Exercise details: Starting at the line below with "Mandelbrot Apple Males" and stopping at the line with "costume rocky horror", please print each line exactly, those two included, and skip every picture.

>>>>>

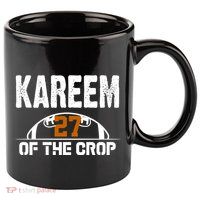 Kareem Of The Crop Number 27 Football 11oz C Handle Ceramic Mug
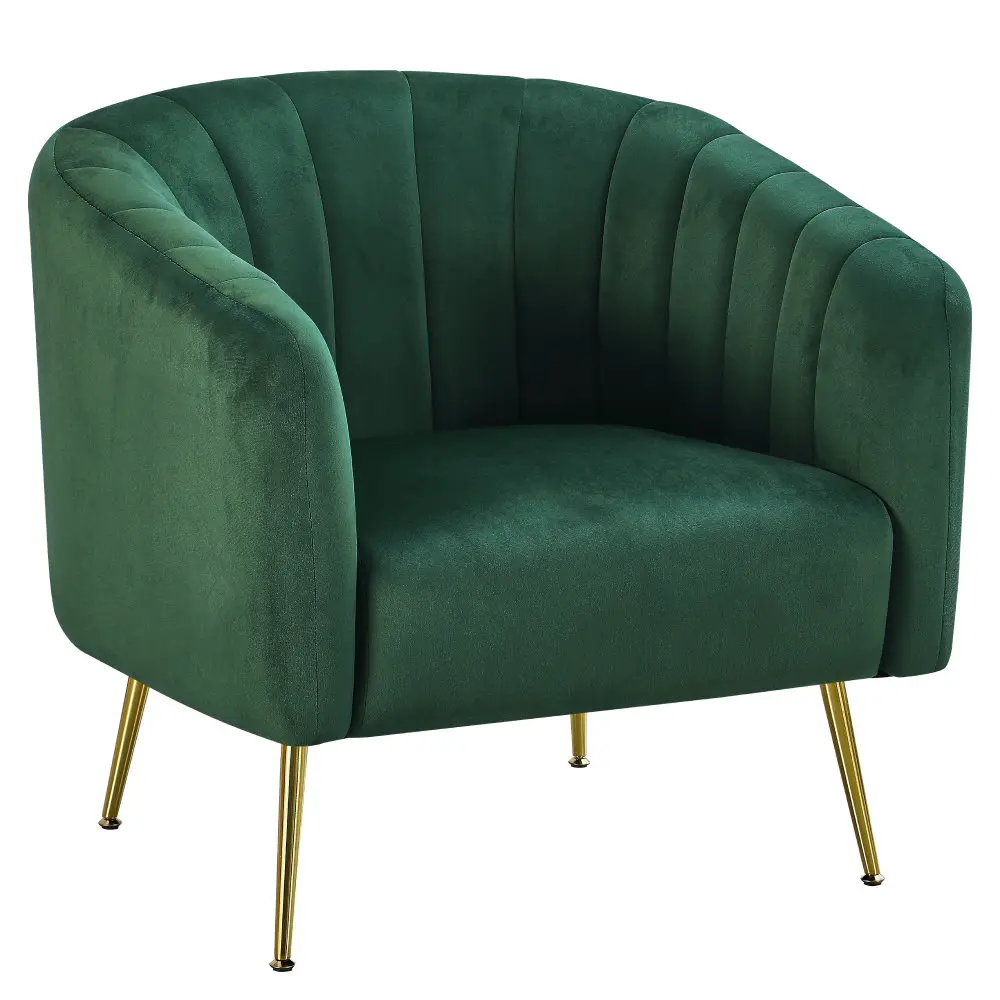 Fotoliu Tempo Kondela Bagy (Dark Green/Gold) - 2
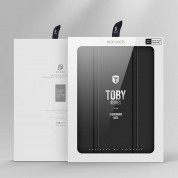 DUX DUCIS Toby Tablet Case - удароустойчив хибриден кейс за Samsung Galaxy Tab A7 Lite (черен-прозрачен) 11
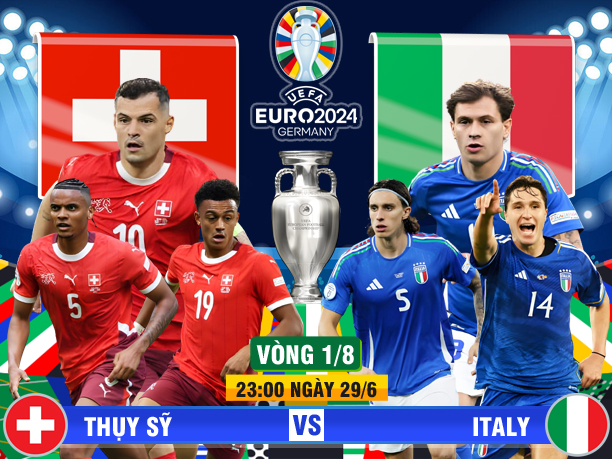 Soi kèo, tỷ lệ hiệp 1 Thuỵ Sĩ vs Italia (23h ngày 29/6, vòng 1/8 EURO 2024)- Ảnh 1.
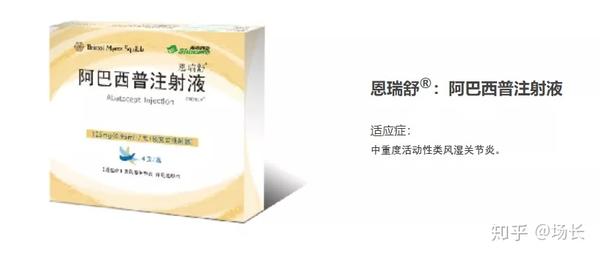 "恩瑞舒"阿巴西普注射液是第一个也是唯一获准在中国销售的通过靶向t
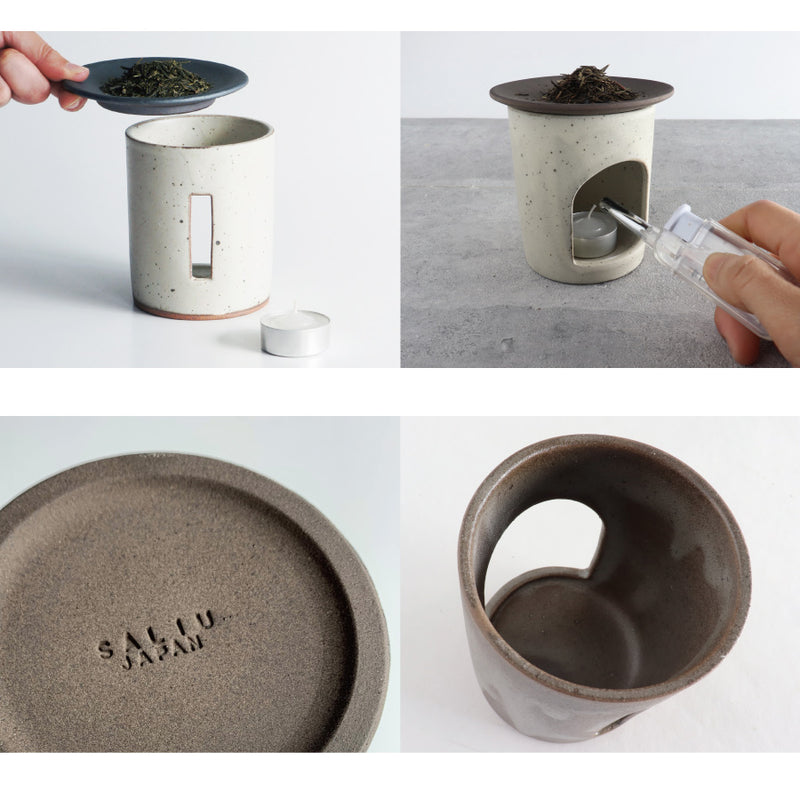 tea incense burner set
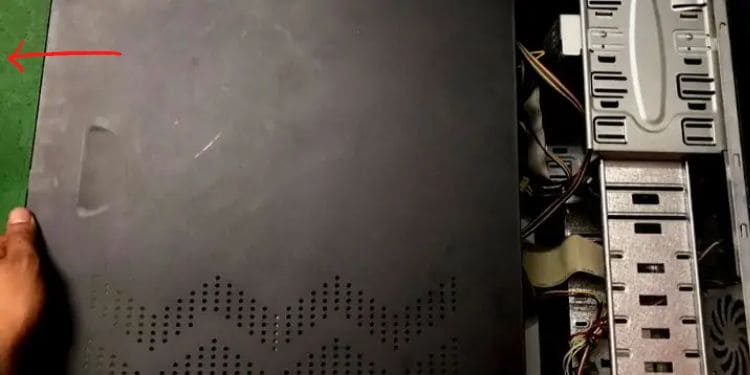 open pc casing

<<<<<
>>>>>

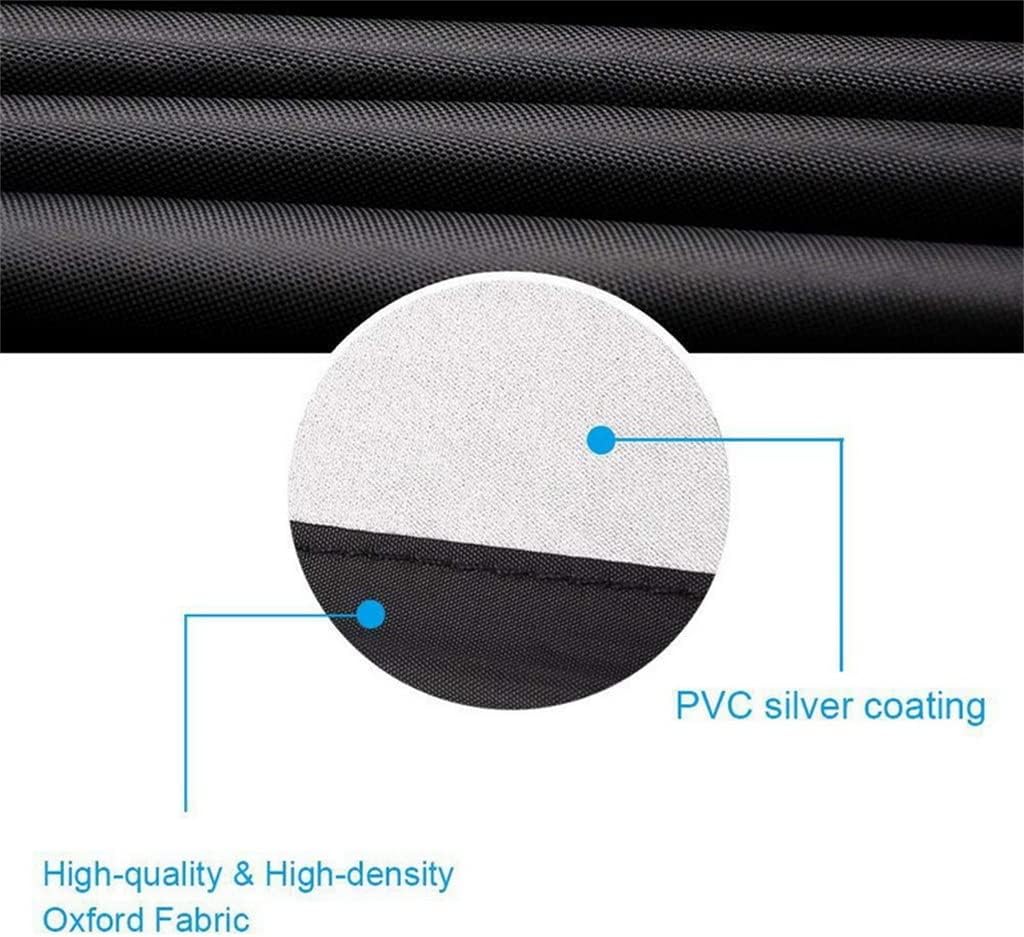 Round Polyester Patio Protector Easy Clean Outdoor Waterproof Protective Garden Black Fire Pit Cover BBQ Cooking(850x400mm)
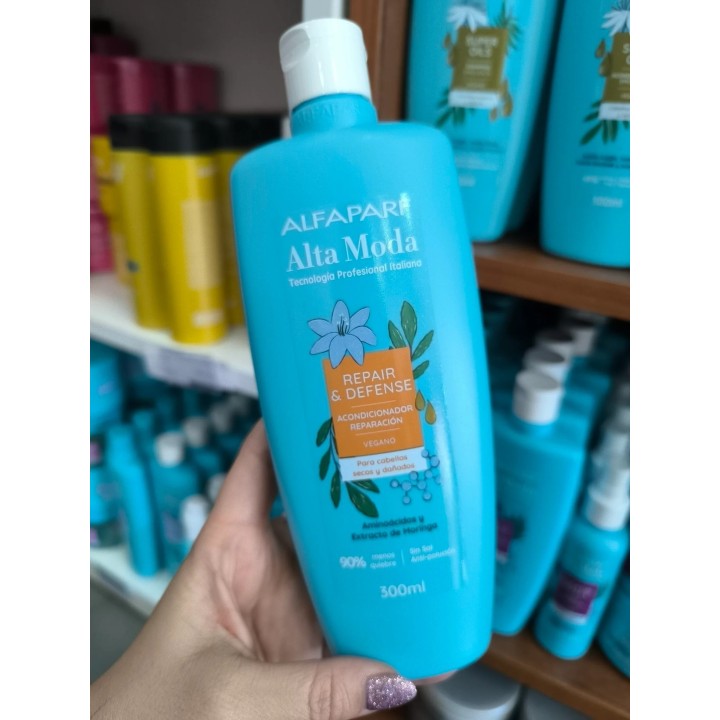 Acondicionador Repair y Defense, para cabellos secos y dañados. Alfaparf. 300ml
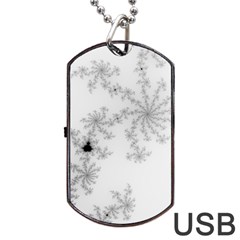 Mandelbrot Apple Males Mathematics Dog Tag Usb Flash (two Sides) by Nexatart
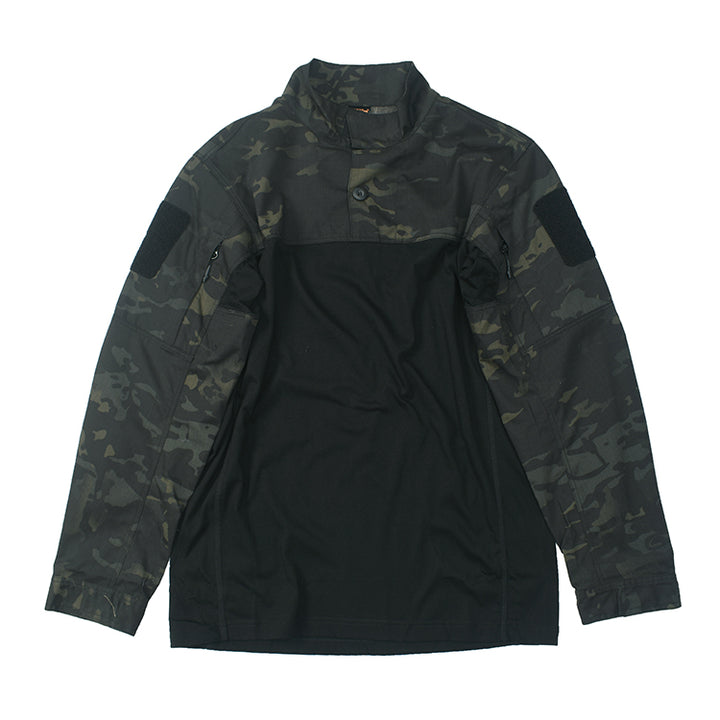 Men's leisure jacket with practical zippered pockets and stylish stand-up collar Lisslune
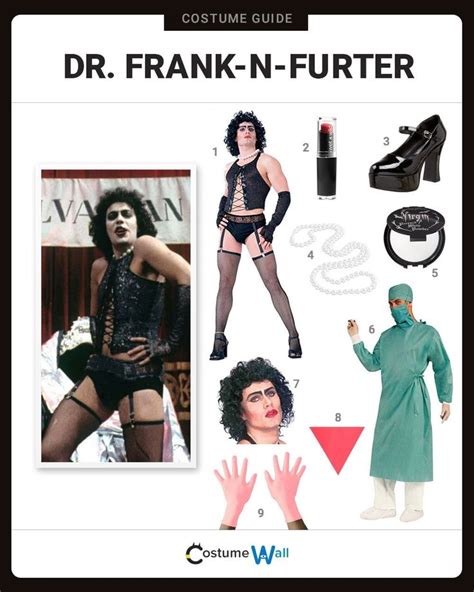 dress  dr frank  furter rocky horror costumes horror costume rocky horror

<<<<<

Response:
 Mandelbrot Apple Males Mathematics Dog Tag Usb Flash (two Sides) by Nexatart
 Men's leisure jacket with practical zippered pockets and stylish stand-up collar Lisslune
 dress  dr frank  furter rocky horror costumes horror costume rocky horror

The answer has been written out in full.